Transpiration cooling of a nose cone by various foreign gases

Abstract

The transpiration cooling mechanisms used for thermal protection of a nose cone was investigated experimentally and numerically for various cooling gases. The effects of injection rates, model geometry, inlet temperature and Reynolds number of the main stream were studied for air, nitrogen, argon, carbon dioxide and helium. The experiments used a hot gas wind tunnel with T ∞ = 375 K and 425 K and Re ∞ = 4630–10,000. The experimental results indicated that even a small amount of coolant injection drastically reduced the heat transfer from the hot gases with the cooling effectiveness increasing with increasing injection rate, although the increases became smaller as the gas injection rate was further increased.

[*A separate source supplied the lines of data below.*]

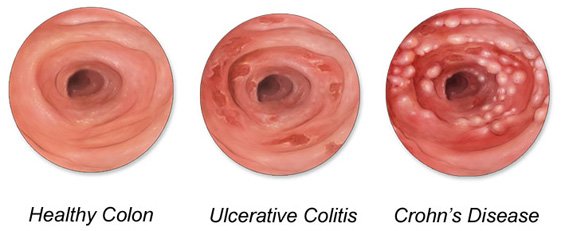 Inflammatory Bowel Disease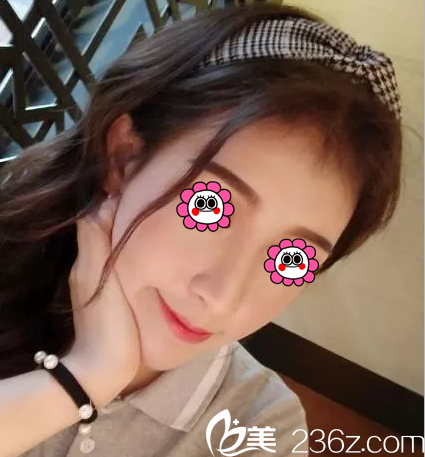 自體脂肪面部填充會有硬塊嗎？我在北京惠合嘉美塑美經(jīng)歷告訴你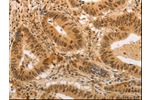 The image on the left is immunohistochemistry of paraffin-embedded Human colon cancer tissue using CSB-PA946457(ADRA1B Antibody) at dilution 1/20, on the right is treated with synthetic peptide. (Original magnification: 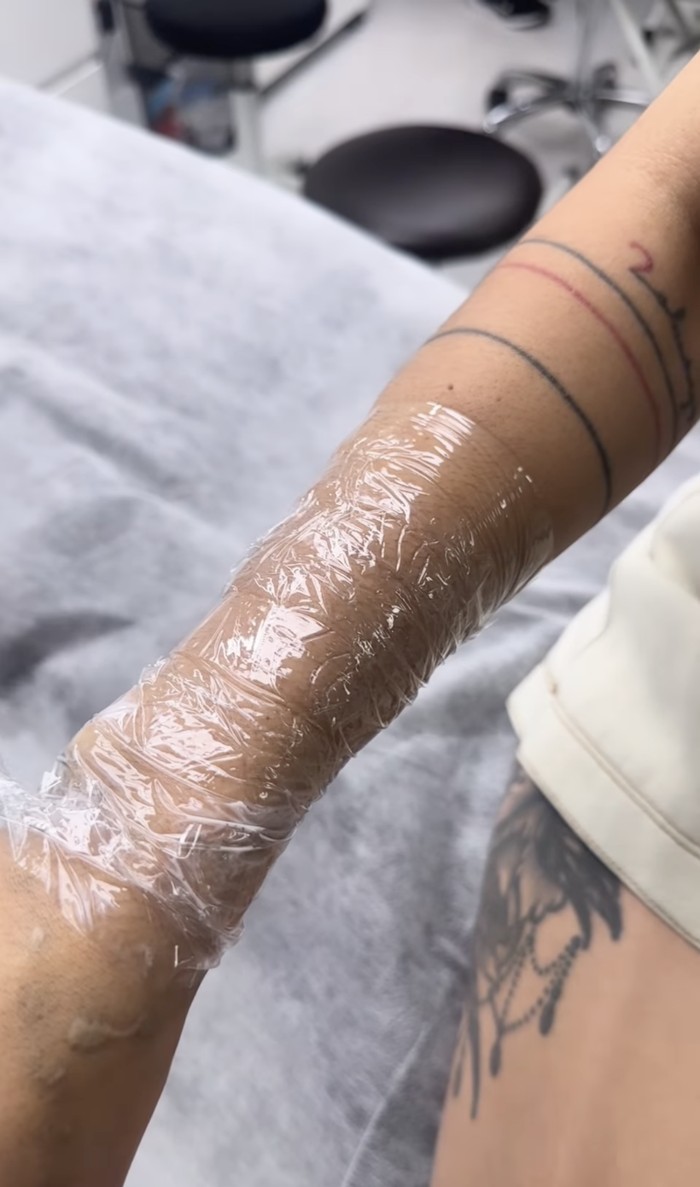 Momen ketika Sheila Marcia menahan sakit karena hapus tato.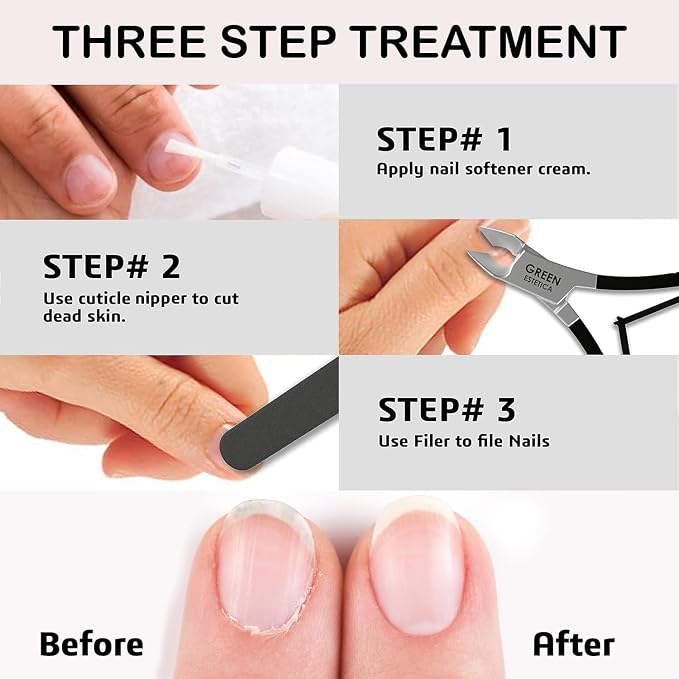 Professional Cuticle Trimmer Nail Cuticle Cutter Stainless Steel Cuticle Nippers - Image 6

The temperature and cooling effectiveness distribution along the transpiration surface of the nose cone model exhibited similar tendencies for all the coolants employed in present experimental research. The temperature decreased from the stagnation point towards the downstream region, then increased because of the non-uniform mass flow distribution of the coolant and thermal conduction from the metal backplane, whereas the cooling effectiveness variation was the reverse. The local cooling effectivenesses and thermal capacities were found to depend on the coolant thermophysical properties. Two-dimensional numerical simulations using the RNG κ−ε turbulence model for the main stream flow and the Darcy–Brinkman–Forchheimer momentum equations and thermal equilibrium model for the porous zone compared well with the general features in the experiments.